### RECORDS PROVIDED
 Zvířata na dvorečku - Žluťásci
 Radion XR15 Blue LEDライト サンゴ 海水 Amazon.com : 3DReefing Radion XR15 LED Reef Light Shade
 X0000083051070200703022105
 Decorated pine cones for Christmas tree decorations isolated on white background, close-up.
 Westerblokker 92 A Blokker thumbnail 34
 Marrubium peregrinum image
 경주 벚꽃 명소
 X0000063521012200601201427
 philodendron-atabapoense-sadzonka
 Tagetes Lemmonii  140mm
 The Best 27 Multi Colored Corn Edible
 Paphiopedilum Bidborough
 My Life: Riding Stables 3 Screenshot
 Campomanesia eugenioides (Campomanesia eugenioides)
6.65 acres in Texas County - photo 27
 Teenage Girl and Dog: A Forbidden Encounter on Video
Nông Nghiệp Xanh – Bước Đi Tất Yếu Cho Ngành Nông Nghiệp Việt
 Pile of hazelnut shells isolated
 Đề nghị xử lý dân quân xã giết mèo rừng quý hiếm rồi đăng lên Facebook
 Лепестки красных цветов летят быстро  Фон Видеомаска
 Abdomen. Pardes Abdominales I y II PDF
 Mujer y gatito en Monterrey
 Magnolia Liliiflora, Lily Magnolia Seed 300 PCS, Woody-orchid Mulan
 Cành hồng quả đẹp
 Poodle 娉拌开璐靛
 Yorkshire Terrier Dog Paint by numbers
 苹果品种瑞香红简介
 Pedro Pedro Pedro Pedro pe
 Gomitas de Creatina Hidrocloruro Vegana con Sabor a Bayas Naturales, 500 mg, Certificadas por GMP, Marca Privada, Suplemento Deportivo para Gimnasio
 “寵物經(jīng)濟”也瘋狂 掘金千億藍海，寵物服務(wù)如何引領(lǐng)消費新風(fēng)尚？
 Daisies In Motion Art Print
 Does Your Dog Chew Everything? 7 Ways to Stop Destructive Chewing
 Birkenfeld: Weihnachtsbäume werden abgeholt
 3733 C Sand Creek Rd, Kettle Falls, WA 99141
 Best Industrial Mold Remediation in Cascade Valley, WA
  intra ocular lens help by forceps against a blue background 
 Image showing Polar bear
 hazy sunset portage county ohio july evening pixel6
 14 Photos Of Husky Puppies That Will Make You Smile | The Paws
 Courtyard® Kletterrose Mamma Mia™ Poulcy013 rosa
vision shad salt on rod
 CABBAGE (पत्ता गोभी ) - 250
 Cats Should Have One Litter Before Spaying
######
[PROBLEM STATEMENT] Reproduce, exactly and in full, the lines from the one that contains "vision shad salt on rod" to the end of the material.

[REPLY]
vision shad salt on rod
 CABBAGE (पत्ता गोभी ) - 250
 Cats Should Have One Litter Before Spaying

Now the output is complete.